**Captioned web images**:
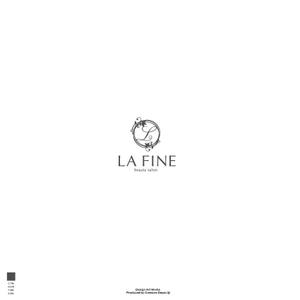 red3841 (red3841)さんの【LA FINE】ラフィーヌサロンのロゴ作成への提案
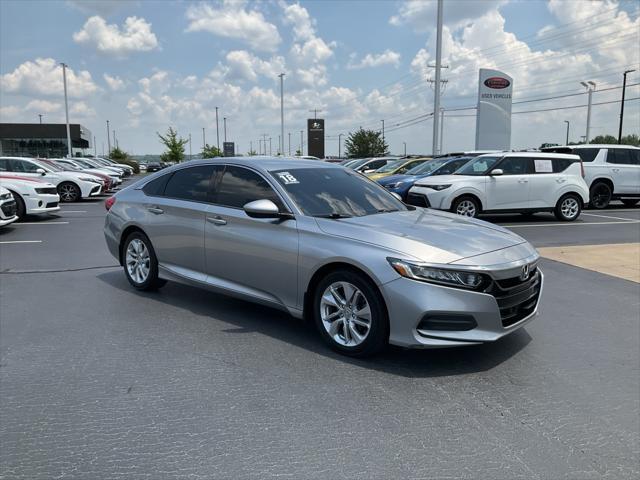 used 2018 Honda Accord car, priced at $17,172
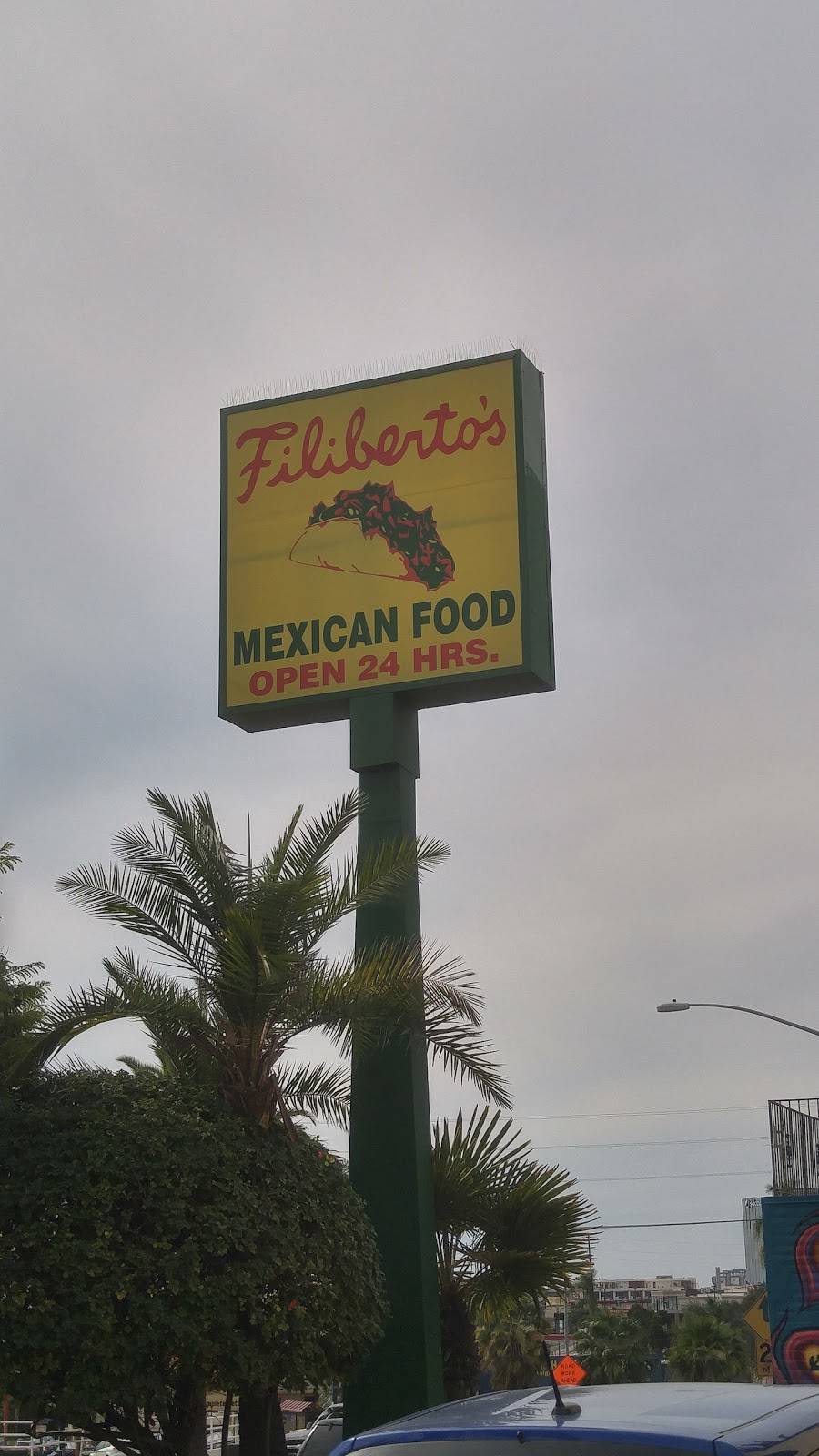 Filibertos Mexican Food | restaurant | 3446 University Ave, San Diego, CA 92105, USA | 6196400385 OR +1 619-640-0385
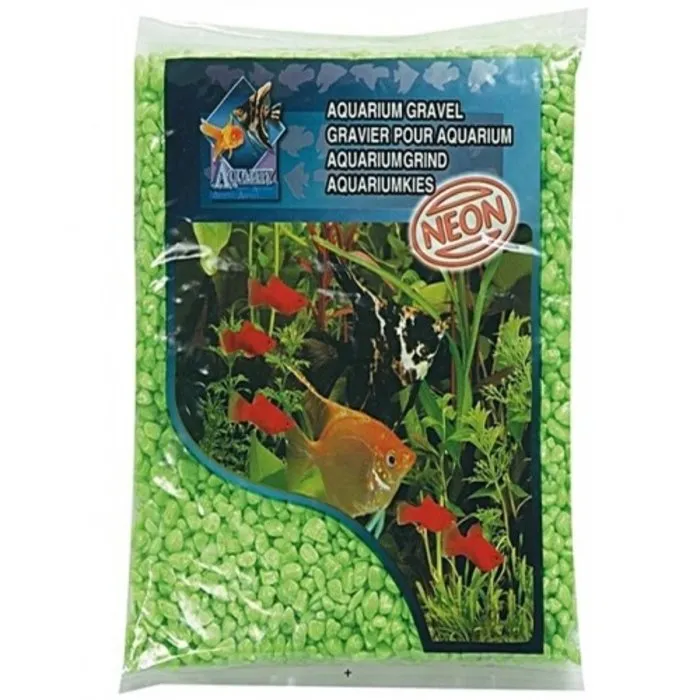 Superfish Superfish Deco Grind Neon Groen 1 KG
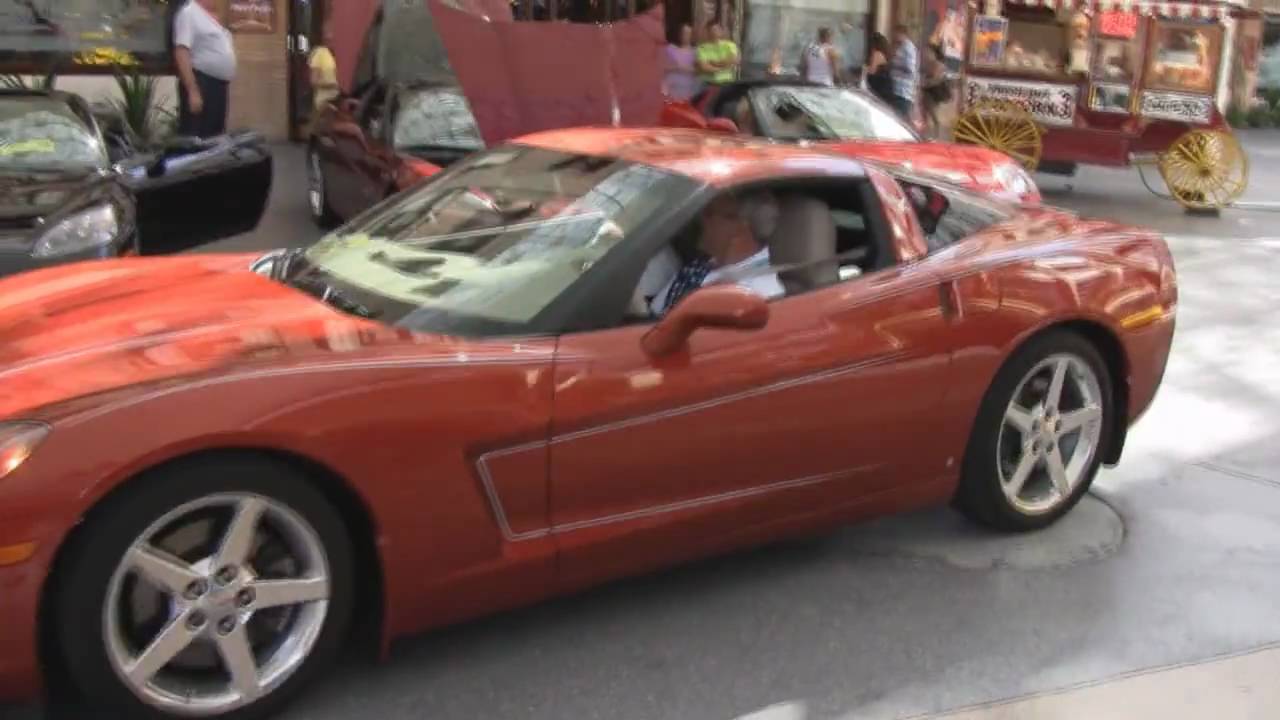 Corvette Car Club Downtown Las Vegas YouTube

**Problem to solve**:
The copy should hold exactly the lines from the line containing "Superfish Superfish Deco" through the end of the data, both ends included, and no pictures.

**Exercise answer**:
 Superfish Superfish Deco Grind Neon Groen 1 KG
 Corvette Car Club Downtown Las Vegas YouTube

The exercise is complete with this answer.